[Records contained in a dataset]
━━━━━━━━
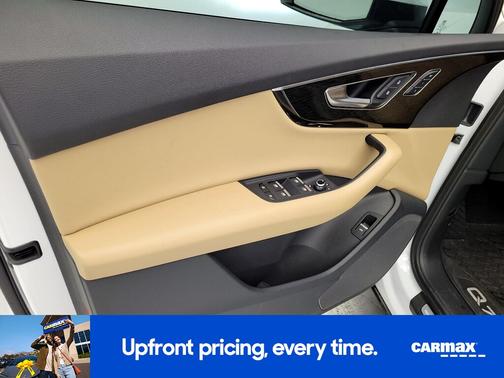 White 2024 Audi Q7 Premium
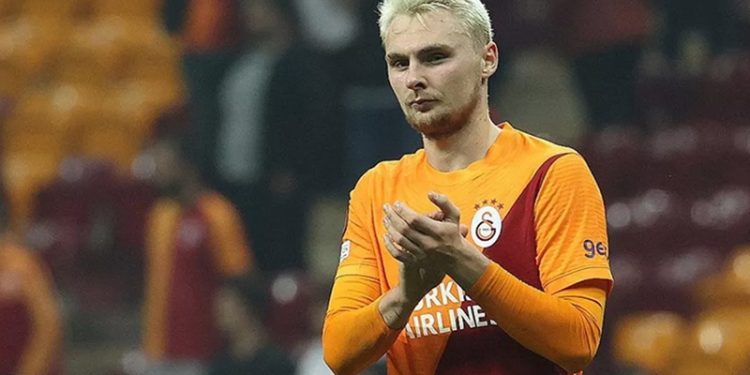 Victor Nelsson'dan Fenerbahçeli taraftara imzalı forma!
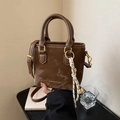 Borsa a mano marrone scuro con scritte dorate e ciondolo decorativo a campana - Marrone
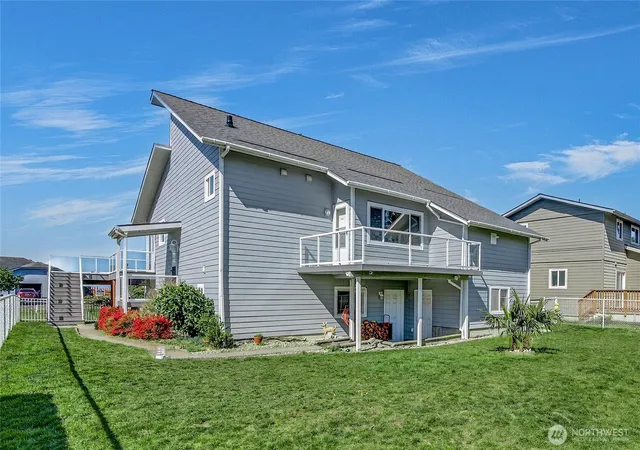 Photo 3 of Single family home for sale at 19408 K Pl, Long Beach, WA 98631 | MLS# NWM2496774 | Listing updated on 2026-09-29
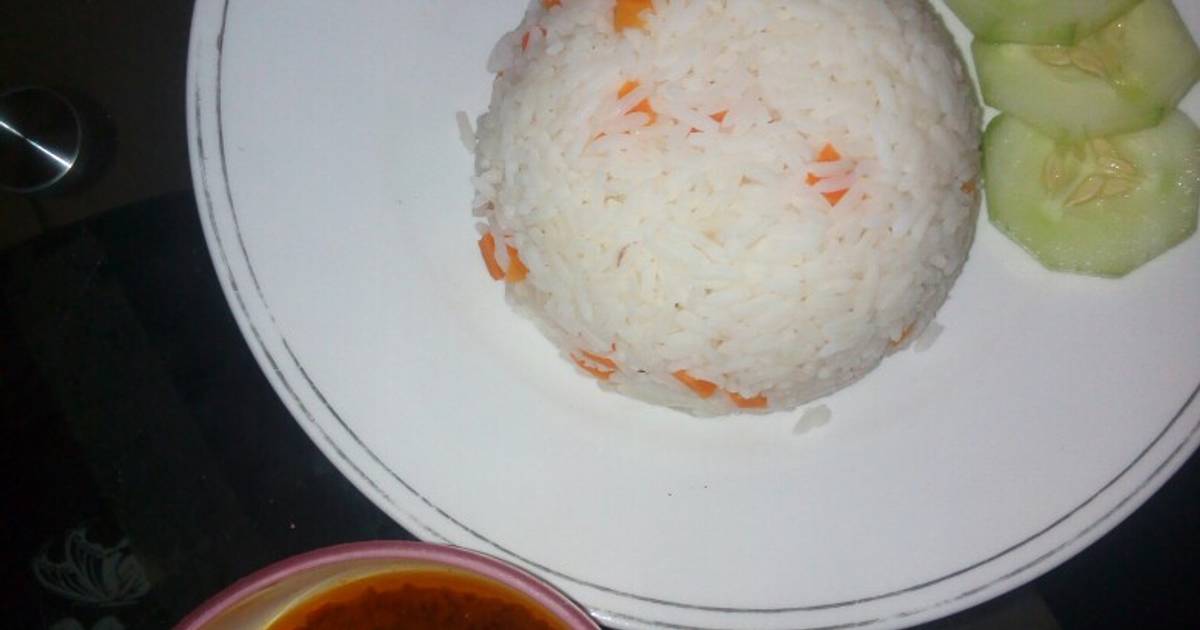 2 easy and tasty white rice vegetables and garnished with carrots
━━━━━━━━
What to do:
Although the records contain pictures, print only the rest, exactly as written.

Problem solution:
 White 2024 Audi Q7 Premium
 Victor Nelsson'dan Fenerbahçeli taraftara imzalı forma!
 Borsa a mano marrone scuro con scritte dorate e ciondolo decorativo a campana - Marrone
 Photo 3 of Single family home for sale at 19408 K Pl, Long Beach, WA 98631 | MLS# NWM2496774 | Listing updated on 2026-09-29
 2 easy and tasty white rice vegetables and garnished with carrots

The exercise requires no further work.